Alquanto fumoso, anche se è giusto sottolineare che appena il Napoli ha messo in campo ciascuno nel suo ruolo, senza inventarsi nulla, la prima metà della ripresa cominciava a dare qualche segno di vitalità.

Allenatore Calzona: 4

Veramente non ha capito nulla, letteralmente incartato da Gasperini, che sarà pure discretamente poco empatico (eufemismo…), ma è uno stratega sopraffino, grandissimo lettore di partite. Non a caso, i padroni di casa sono stati in completa balia del piano gara dell’Atalanta: squadra quadrata e organizzatissima, solida negli accoppiamenti e nelle coperture. Con una qualità nel tagliare e sovraccaricare i “mezzi spazi” meritevole di essere studiata a Coverciano. L’allenatore dei Campioni d’Italia (sic…) ha provveduto a metterci del suo: senza nessuno che saltasse l’uomo, gli azzurri si sono fatti imbrigliare. Mai una verticalizzazione, bensì sterile e monotono giropalla.

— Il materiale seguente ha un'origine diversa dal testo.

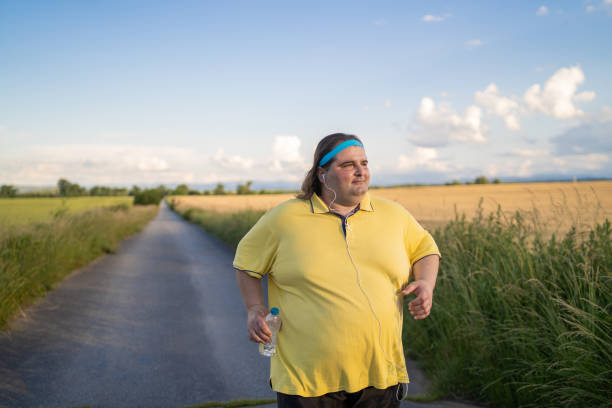 uomo in sovrappeso che fa jogging mentre ascolta musica - loose weight foto e immagini stock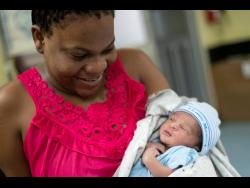 Davia Goulburne holds her son Hasanio Gayle, one of several Leap Day babies born at the Victoria Jubilee Hospital in Kingston on Saturday.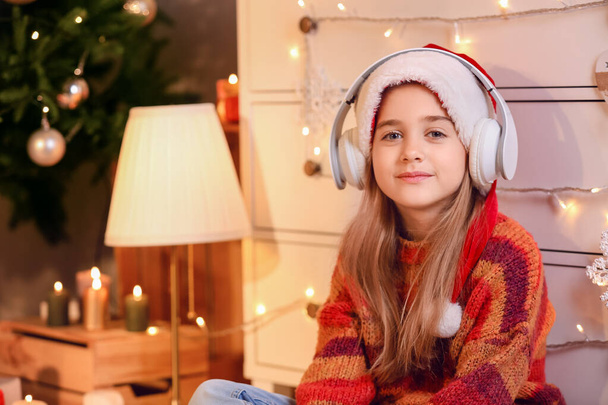 Cute little girl listening to Christmas music at home - Fotó, kép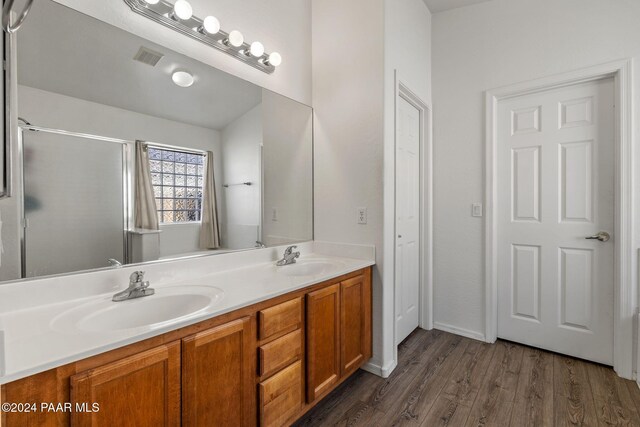 bathroom featuring vanity and wood-type flooring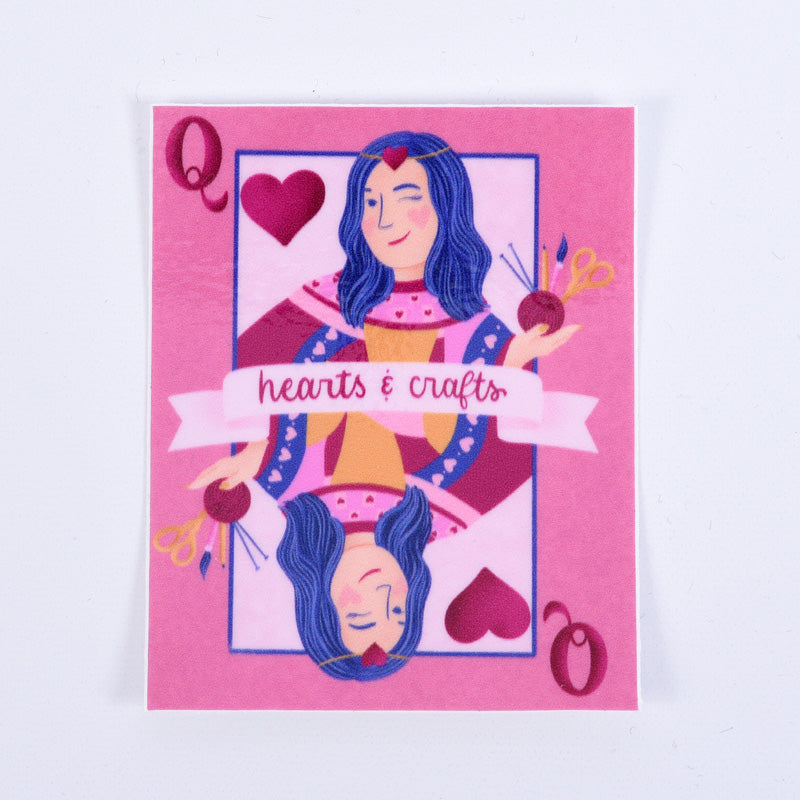 A pink sticker with a design of a queen playing card surrounded by hearts and crafting tools. The text &
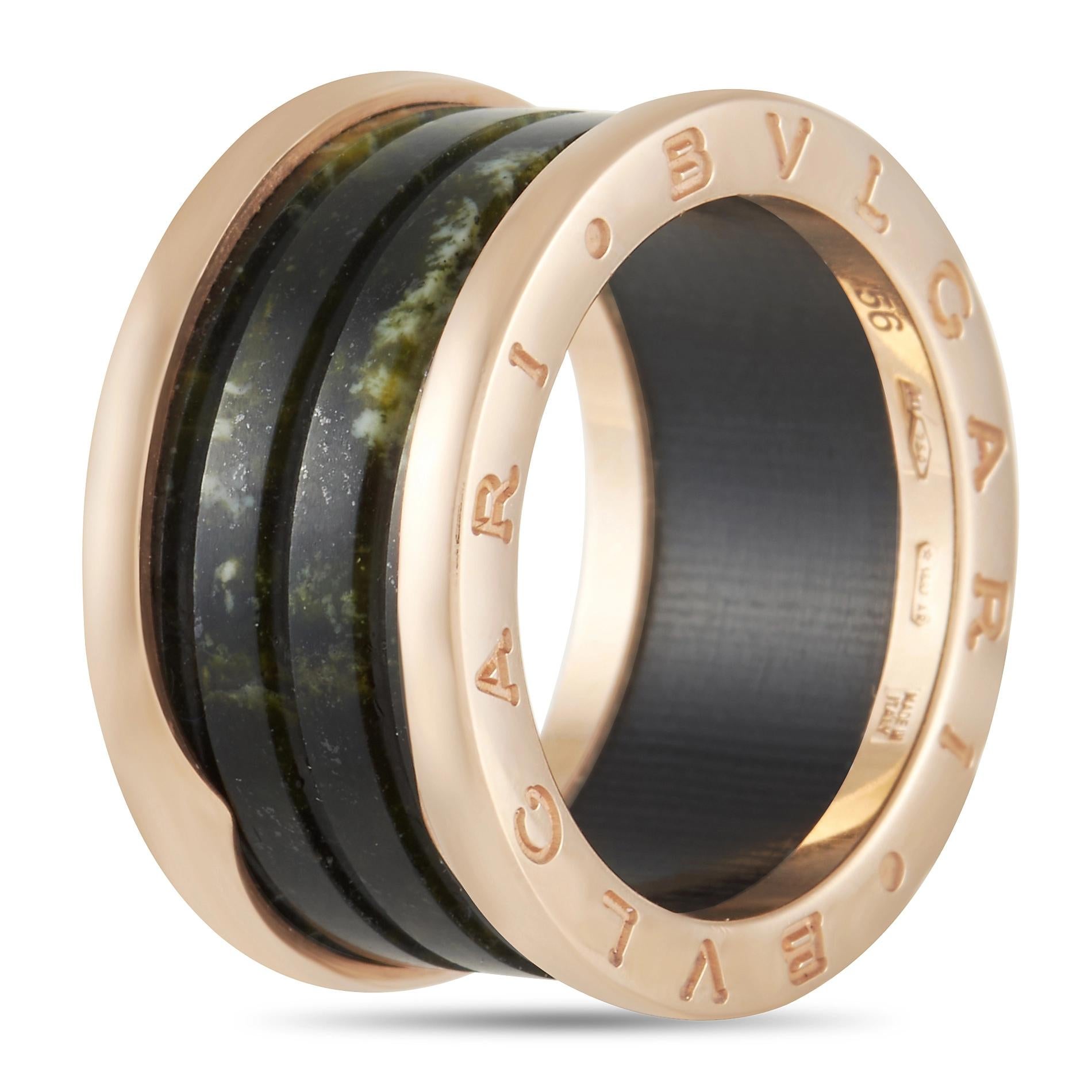 This Bvlgari B.Zero band ring is a confident, showstopping style that is destined make a statement. The 11mm wide band beautifully juxtaposes 18K Rose Gold with Green Marble to create a style that is anything but ordinary. The luxury brand’s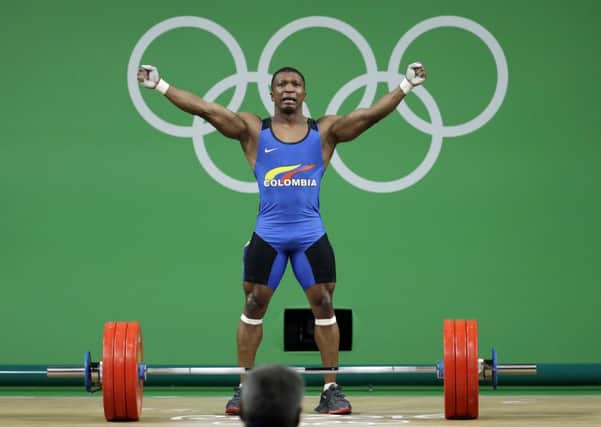 Colombia's Oscar Albeiro Figueroa Mosquera celebrates after winning the gold medal in the men's 62kg weightlifting competition.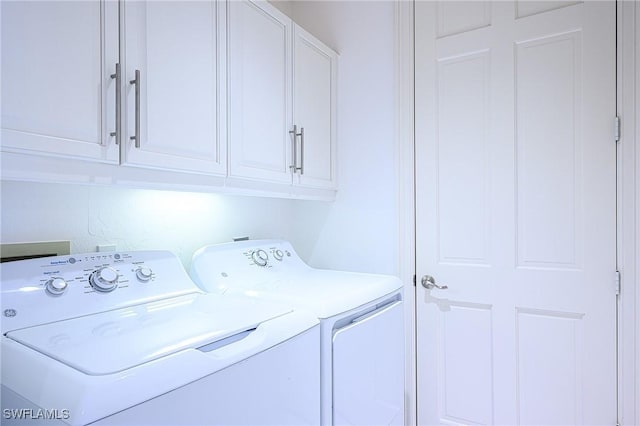 133 Colonade Cir, Naples, FL 34103 - washroom with independent washer and dryer and cabinet space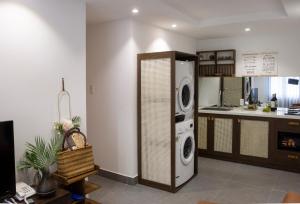 Dapur atau dapur kecil di Quang Vinh Apartment and Hotel Hoi An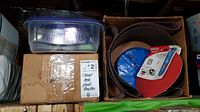 View of sanding belts and grinding discs, including a plastic container with purple lid labeled with 'CEMENT FACELS & PAINT BRUSHES'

Affidandosi esclusivamente alla giocata “morbida” di Meret, per stimolare Osimhen nella trequarti offensiva. Al di là che Hien ha fatto una prestazione mostruosa, il centravanti nigeriano era solissimo. Distanti i centrocampisti, sia per inserirsi, che nel contendere eventualmente una “seconda palla”. Insomma, idee pochissime. E alquanto confuse.